All that should be output is the block of lines below from the line with "40 Inch Short" to the line with "彩色漏光效果的图片组合动画片头素材库精选AE模板", both included, exactly as written.

**SOURCE INFORMATION**

..............................

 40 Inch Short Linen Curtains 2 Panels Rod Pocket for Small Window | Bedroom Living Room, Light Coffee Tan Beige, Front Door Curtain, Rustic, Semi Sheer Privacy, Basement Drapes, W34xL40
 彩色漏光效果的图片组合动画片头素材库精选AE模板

..............................

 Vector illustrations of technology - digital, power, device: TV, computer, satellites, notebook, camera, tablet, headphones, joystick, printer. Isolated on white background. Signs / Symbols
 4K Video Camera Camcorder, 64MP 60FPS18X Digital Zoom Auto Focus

..............................

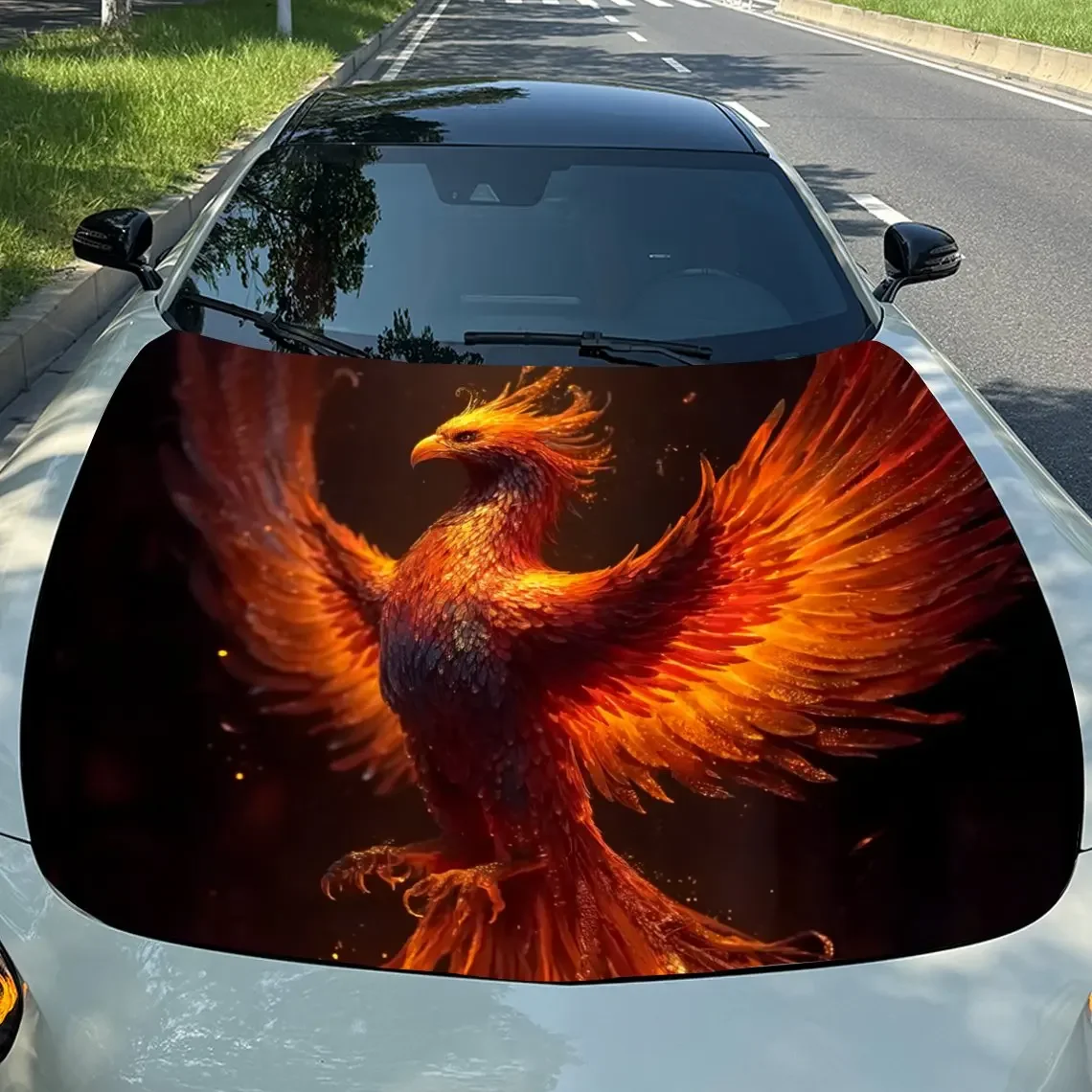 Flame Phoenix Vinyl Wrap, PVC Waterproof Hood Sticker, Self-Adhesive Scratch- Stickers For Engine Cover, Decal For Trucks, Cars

..............................

**YOUR SOLUTION**
 40 Inch Short Linen Curtains 2 Panels Rod Pocket for Small Window | Bedroom Living Room, Light Coffee Tan Beige, Front Door Curtain, Rustic, Semi Sheer Privacy, Basement Drapes, W34xL40
 彩色漏光效果的图片组合动画片头素材库精选AE模板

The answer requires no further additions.